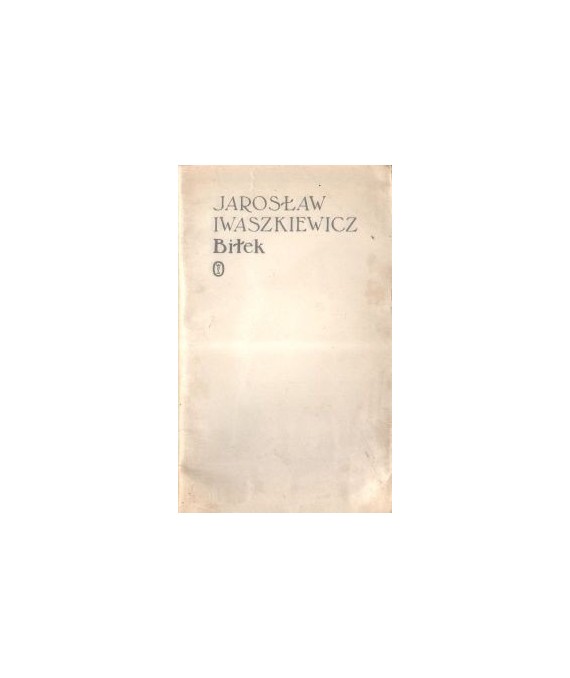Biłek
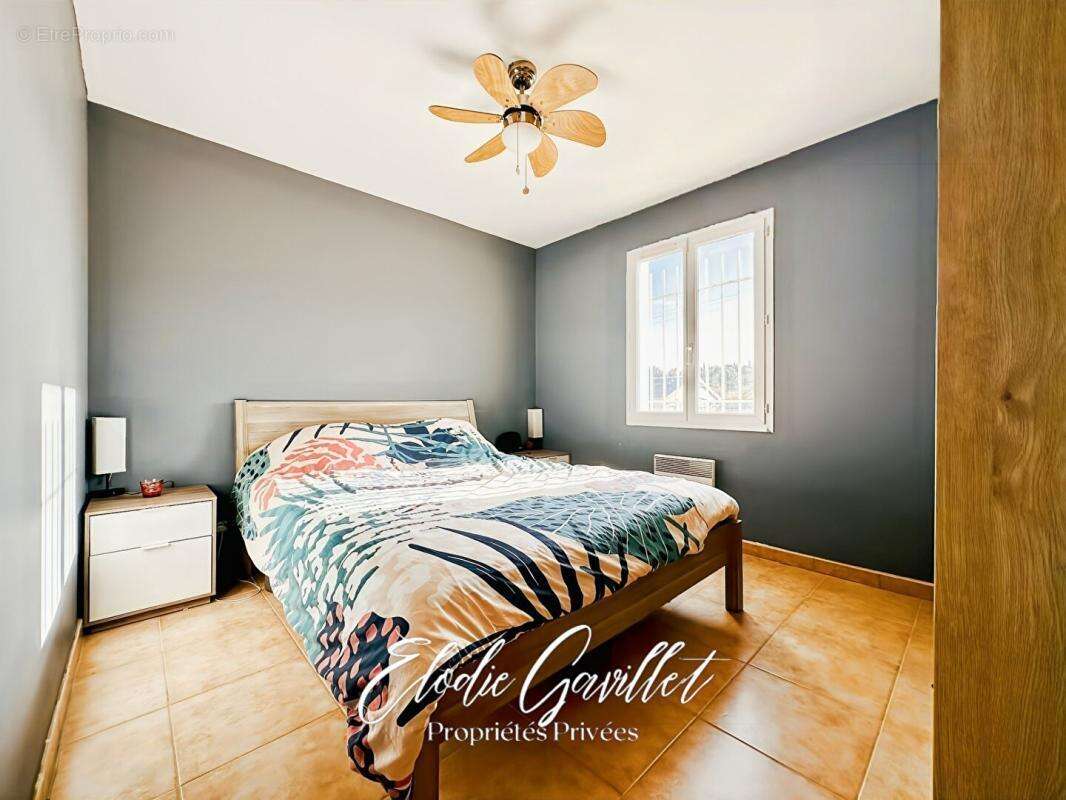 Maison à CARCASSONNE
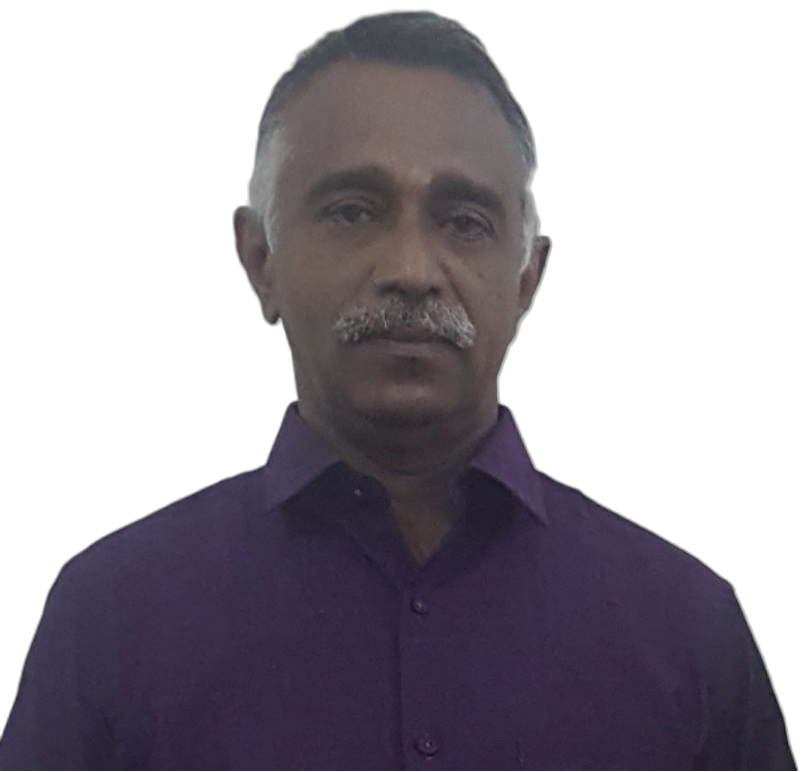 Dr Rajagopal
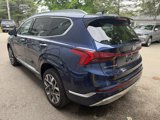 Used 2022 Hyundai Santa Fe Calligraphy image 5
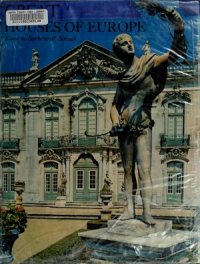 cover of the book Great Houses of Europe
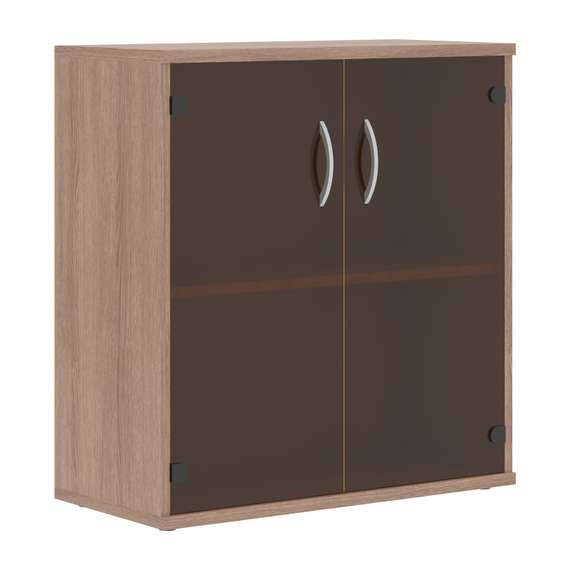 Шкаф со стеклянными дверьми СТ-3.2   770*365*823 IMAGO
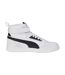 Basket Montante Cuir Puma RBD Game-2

* * *

# Task item:
The lines to be quoted run from the line containing "Шкаф со стеклянными" through the end of the entries above, both included; quote them exactly and leave out any pictures.

# Your solution:
 Шкаф со стеклянными дверьми СТ-3.2   770*365*823 IMAGO
 Basket Montante Cuir Puma RBD Game-2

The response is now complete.